Assignment 6: Futures
Due: Wednesday, November 7 at 4:00pm
Submission cutoff: Saturday, November 10 at 4:00pm
In the Concurrency lecture, we discussed how low-level concurrency works in Rust, using system threads, shared memory, and channels to parallelize and synchronize simultaneous computation. However, in the same way manually allocating memory is verbose and error-prone, even with Rust’s data race protection, we would like a higher level approach to expressing concurrent programs.
This is a huge area of ongoing work in modern programming languages. One big question is: given concurrent work, how do you schedule that work onto a CPU? Assuming each piece of work is a different logical “thread”, then an underlying runtime can use:
- 1:1 threading: map each logical thread to a physical thread. Rely on the kernel to decide when to switch between threads. This is the approach Rust and C use with threading interfaces.
- N:1 threading: map each logical thread onto a single thread. Rely on the threads to explicitly release control, and the userspace scheduler to switch between threads. This approach is adopted by a number of libraries including OCaml’s Async.

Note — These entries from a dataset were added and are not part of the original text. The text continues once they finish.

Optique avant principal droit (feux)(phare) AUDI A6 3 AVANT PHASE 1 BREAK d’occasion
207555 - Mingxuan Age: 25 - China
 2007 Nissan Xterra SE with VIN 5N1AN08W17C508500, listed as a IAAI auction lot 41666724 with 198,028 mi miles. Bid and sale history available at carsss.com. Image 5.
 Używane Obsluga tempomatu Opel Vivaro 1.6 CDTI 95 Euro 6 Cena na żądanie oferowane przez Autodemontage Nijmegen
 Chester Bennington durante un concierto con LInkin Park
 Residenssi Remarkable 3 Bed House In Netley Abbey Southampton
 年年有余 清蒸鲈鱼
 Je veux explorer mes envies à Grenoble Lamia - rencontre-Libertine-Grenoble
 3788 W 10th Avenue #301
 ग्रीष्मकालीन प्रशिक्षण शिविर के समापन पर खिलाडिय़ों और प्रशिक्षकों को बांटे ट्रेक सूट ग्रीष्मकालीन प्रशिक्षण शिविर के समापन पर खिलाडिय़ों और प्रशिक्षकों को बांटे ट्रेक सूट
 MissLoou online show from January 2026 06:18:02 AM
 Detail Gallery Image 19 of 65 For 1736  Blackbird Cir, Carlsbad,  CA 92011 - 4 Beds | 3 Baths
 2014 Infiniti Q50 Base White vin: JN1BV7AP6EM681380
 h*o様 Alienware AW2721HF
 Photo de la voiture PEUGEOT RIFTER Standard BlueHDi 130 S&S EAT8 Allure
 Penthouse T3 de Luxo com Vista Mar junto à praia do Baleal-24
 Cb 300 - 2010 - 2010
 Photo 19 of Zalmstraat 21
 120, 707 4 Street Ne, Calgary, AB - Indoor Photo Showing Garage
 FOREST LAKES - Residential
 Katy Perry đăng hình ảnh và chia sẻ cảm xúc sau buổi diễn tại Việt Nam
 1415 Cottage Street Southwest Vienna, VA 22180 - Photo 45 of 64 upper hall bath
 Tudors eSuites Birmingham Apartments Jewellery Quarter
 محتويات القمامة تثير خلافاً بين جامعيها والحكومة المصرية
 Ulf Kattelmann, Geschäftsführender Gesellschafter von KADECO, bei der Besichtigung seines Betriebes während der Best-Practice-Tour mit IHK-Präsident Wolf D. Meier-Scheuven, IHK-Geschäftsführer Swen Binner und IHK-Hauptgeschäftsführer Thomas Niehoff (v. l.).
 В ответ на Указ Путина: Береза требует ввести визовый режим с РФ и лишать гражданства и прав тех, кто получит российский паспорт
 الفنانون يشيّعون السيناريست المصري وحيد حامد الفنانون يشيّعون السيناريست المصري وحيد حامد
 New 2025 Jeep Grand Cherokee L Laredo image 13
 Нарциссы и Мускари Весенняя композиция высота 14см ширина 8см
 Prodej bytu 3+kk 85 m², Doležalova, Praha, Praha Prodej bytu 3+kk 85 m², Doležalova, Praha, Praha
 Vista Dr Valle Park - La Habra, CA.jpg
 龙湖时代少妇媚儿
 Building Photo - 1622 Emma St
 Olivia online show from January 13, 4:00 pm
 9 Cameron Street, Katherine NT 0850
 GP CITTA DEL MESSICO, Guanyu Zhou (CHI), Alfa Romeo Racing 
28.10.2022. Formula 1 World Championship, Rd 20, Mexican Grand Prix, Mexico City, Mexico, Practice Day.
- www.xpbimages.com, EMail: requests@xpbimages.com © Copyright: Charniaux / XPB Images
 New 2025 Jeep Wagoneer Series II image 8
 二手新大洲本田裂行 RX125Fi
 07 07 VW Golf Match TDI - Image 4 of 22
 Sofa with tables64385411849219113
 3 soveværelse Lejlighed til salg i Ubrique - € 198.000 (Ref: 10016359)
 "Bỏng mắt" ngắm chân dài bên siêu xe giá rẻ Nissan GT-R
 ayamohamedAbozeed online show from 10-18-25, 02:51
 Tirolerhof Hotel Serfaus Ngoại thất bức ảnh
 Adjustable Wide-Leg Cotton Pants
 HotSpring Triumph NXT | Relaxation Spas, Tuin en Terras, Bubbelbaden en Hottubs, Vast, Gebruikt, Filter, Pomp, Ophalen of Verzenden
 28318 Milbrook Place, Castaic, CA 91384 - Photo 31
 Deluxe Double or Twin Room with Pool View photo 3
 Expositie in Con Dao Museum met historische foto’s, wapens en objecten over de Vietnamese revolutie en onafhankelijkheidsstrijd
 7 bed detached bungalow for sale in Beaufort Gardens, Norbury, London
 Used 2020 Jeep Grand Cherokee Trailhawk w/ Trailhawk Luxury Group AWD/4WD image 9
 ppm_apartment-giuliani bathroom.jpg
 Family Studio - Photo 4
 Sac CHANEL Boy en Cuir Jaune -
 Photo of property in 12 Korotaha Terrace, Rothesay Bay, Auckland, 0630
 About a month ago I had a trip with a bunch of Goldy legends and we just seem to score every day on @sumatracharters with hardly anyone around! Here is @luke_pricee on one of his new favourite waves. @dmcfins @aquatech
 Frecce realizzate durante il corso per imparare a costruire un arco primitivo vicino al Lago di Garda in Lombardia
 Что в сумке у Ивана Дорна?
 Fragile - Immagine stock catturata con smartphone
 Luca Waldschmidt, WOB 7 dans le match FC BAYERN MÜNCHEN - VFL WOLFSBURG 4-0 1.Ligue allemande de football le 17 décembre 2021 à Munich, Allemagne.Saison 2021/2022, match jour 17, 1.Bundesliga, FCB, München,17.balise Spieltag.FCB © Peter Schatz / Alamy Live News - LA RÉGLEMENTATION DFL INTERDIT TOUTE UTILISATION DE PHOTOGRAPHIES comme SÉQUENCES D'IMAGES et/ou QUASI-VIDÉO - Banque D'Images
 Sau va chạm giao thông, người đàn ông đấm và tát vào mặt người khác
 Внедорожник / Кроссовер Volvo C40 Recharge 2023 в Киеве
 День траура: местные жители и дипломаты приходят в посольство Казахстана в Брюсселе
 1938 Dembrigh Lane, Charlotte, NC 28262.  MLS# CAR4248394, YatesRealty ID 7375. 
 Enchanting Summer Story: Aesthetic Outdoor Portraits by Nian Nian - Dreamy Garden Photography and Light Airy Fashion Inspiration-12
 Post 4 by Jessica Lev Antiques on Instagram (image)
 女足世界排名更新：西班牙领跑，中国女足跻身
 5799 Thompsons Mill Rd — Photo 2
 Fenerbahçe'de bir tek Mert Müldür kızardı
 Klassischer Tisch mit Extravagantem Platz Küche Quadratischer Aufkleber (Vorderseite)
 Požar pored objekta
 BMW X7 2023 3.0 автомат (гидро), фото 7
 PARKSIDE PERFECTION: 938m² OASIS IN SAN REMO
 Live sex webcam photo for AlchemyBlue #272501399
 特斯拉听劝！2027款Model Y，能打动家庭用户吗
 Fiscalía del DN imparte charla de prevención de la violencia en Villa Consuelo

- M:N threading: map M logical threads on to N physical threads, hybridizing the above two approaches. This approach Go uses for its lightweight goroutines.
Note: while there are granularities of concurrency larger than physical threads, like processes (in an operating system) and machines (in a distributed system), we’re just going to think about concurrency within a single process for now.
The other major question in concurrency design is around synchronization: how do you express dependencies and handle shared resources between concurrent threads? With the rise of higher-order functions and closures, one approach that has gained rapid adoption in recent years is futures, or promises. Futures represent work to be done, and have proven to be a convenient and expressive means for writing concurrent programs. They are perhaps most popular in Javascript, but have also gained prominence in C++ and Scala. For example, in Javascript, promises turn “callback hell” code like this:
doSomething(function(result) {
doSomethingElse(result, function(newResult) {
doThirdThing(newResult, function(finalResult) {
console.log('Got the final result: ' + finalResult);
}, failureCallback);
}, failureCallback);
}, failureCallback);
Into this:
doSomething()
.then(result => doSomethingElse(result))
.then(newResult => doThirdThing(newResult))
.then(finalResult => {
console.log('Got the final result: ' + finalResult);
})
.catch(failureCallback);
Note: promises are frequently juxtaposed against “async/await”, an alternative syntax that allows programmers to write seemingly straight-line that effectively compiles into promises, e.g. see Javascript and Rust.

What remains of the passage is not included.